Borrego Sun - Since 1949

Atomic Bomb 70th Anniversary

 

Last updated 8/27/2015 at 3:49pm

Photo from The Desert Sun

The mushroom cloud formed an hour after the the atomic bomb detonated in Hiroshima, Japan.

It's been seventy years since an atomic bomb was exploded over the city of Hiroshima, causing the beginning of the end for the war against Japan and an unprecedented toll on humanity.

The Salton Sea played a pivotal role in preparation for the bombing when B-29s from remote Wendover Army Air Force Base in Utah, used the area for bomb practice prior to the assault.

Months before Lt. Col. Paul Tibbets and the crew of the B-29 bomber Enola Gay dropped the atomic bomb on Hiroshima, they flew high over the Salton Sea, dispatching dummy bombs and practicing the manoeuvres that would enable them to escape the blast.

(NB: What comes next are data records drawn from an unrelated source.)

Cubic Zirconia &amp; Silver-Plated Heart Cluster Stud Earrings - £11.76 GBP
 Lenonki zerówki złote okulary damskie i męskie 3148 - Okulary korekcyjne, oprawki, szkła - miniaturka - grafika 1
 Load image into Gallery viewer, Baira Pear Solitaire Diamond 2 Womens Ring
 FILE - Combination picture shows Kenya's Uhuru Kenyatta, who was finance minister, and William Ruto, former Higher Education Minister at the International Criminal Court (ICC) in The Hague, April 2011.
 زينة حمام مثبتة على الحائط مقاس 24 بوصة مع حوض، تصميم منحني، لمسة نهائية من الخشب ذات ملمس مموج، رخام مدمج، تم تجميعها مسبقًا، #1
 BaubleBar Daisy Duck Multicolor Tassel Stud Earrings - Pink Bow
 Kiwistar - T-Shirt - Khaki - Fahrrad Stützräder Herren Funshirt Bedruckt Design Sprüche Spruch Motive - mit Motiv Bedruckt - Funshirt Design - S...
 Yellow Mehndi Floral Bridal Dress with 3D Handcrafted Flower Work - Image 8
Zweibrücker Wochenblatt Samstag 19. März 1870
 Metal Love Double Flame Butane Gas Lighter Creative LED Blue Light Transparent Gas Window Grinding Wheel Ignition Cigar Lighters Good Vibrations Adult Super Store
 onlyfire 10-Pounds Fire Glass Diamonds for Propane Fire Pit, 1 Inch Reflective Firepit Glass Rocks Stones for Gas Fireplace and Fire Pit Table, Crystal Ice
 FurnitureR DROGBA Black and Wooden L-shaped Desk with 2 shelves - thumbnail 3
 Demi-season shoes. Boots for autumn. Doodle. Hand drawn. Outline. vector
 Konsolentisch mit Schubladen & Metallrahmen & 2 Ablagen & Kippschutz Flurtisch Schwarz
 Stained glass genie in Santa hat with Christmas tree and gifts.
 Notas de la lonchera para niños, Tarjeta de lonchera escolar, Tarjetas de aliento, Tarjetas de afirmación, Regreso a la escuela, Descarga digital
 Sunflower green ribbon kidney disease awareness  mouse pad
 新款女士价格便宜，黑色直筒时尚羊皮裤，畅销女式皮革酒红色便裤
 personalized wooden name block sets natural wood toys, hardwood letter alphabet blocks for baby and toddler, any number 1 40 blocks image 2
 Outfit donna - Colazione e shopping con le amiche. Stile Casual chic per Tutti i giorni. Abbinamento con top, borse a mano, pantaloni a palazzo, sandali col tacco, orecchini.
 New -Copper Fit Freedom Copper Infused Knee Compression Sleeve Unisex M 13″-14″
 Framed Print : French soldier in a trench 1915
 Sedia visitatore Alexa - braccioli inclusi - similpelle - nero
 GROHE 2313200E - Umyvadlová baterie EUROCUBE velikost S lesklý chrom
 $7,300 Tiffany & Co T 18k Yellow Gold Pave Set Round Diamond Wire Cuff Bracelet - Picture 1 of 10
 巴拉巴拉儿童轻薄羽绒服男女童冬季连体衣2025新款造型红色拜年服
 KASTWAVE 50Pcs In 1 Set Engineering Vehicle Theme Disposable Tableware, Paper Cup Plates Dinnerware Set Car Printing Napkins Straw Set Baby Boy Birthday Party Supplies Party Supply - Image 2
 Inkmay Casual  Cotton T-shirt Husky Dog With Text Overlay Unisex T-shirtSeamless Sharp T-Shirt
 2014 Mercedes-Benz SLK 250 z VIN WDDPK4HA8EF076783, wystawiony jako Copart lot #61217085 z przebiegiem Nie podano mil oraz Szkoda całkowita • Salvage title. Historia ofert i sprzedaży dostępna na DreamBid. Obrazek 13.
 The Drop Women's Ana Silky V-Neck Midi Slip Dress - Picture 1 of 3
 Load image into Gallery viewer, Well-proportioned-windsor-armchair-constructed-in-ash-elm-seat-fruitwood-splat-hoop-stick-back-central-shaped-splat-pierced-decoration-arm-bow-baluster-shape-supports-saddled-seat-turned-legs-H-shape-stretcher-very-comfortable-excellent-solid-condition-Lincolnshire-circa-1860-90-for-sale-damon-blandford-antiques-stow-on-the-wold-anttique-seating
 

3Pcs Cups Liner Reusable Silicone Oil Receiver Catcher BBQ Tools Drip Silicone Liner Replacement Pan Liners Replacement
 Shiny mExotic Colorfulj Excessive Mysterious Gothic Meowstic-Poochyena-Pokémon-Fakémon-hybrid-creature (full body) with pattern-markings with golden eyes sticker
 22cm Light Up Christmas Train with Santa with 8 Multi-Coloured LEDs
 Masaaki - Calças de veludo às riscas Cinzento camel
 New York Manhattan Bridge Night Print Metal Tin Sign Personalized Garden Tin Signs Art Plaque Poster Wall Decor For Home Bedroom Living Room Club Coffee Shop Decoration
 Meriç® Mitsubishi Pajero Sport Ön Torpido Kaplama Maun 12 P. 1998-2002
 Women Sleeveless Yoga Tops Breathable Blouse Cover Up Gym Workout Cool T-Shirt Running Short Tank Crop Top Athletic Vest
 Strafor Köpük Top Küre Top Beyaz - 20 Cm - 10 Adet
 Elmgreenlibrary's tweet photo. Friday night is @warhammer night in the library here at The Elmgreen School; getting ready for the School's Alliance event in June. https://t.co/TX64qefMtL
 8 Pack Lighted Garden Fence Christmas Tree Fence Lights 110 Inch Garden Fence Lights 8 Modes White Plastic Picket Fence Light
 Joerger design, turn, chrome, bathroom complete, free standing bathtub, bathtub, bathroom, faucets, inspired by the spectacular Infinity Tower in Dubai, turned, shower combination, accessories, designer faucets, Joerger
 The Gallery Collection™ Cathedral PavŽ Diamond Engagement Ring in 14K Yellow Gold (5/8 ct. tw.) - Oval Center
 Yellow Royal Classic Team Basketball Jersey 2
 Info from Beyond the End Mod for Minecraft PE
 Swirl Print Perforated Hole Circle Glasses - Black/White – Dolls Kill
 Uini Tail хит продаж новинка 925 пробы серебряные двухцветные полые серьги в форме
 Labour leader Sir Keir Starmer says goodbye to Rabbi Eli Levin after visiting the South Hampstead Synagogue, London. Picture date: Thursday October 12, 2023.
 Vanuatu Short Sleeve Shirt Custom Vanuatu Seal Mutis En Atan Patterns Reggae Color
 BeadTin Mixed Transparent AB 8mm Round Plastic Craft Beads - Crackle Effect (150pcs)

Although the bombs were heavier and more unwieldy than the aircraft were designed to carry, and precise targeting from 30,000 feet was an enormous challenge, the planes were taken up hundreds of times to perfect the crews timing and teamwork in preparation for the mission.

The base was in what is today the Salton Sea Wildlife Refuge at Sandy Beach, and covered 81 square miles, two-thirds of which was under water. Selected as the practice site for this secret work due to its remote, isolated location, the Salton Sea was far from any towns and able to house four 60-by-60-foot wooden structures, built on pilings and rigged out on to the water.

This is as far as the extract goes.